Take a deep breathe quiltglo-I'm not saying to punish the poor kid by giving her stuff away to the less fortunate, although I don't believe helping the less fortunate is a punishment. Children usually feel good when they help. I was just trying to say what I've heard alot of the "professionals" suggest on TV. Scale it back, see exactly what you have, maybe there are some things she can live without..especially if she has'nt played with them for awhile. There is nothing wrong with starting over. And as for my "prison-cell" comment, I was only referring to what the OP called it. And the OP actually said it worked for awhile so maybe it should be re-visited. Maybe it can be along those lines..just re-vised a little. As I said before in my post OP, keep the things she really loves. Or if it is everything, come up with a system that is very simple and makes it quick to put things away.
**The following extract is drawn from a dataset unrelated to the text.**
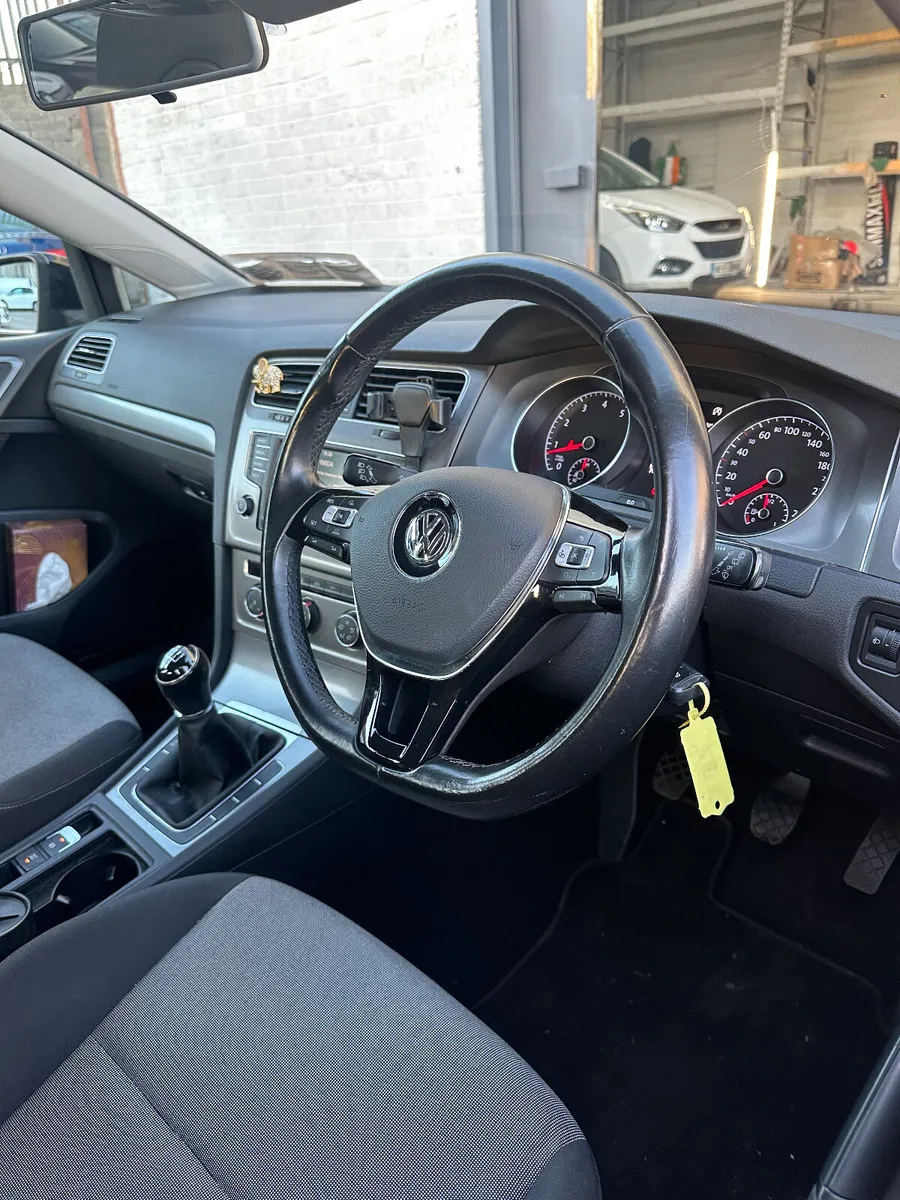 Volkswagen Golf 2015 1.2TSI 70Kms Manual - Image 2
I don't think kids mean to be messy, they are just the busiest bodies on the face of the planet!! They are doing one thing and already thinking of something else. I wish I had half that energy! I think quiltglo is reading me wrong, I feel your pain! I really was just giving you some suggestions, none of which was to punish your angel. I'm kind of going thru that here but the biggest mess maker is my DH!! Now with him, I actually did threaten punishment!! I told him if he loves his clothes...don't leave them in a pile on the bathroom floor, put them on the hooks on the door or they will come up missing!! LOL! Good Luck with your organizing!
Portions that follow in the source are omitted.